#### Directions for this task
Word-for-word transcription: reproduce all of the data, but not the pictures.

Provided data below:

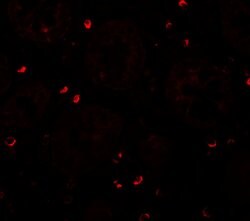 Invitrogen ZFX Polyclonal Antibody 100 &mu;g; Unconjugated:Antibodies,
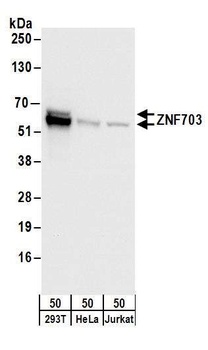 ZNF703 Antibody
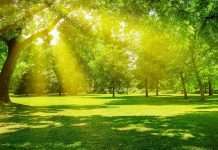 Determining optimum level of protein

End of Provided data.

#### Response to this exercise
 Invitrogen ZFX Polyclonal Antibody 100 &mu;g; Unconjugated:Antibodies,
 ZNF703 Antibody
 Determining optimum level of protein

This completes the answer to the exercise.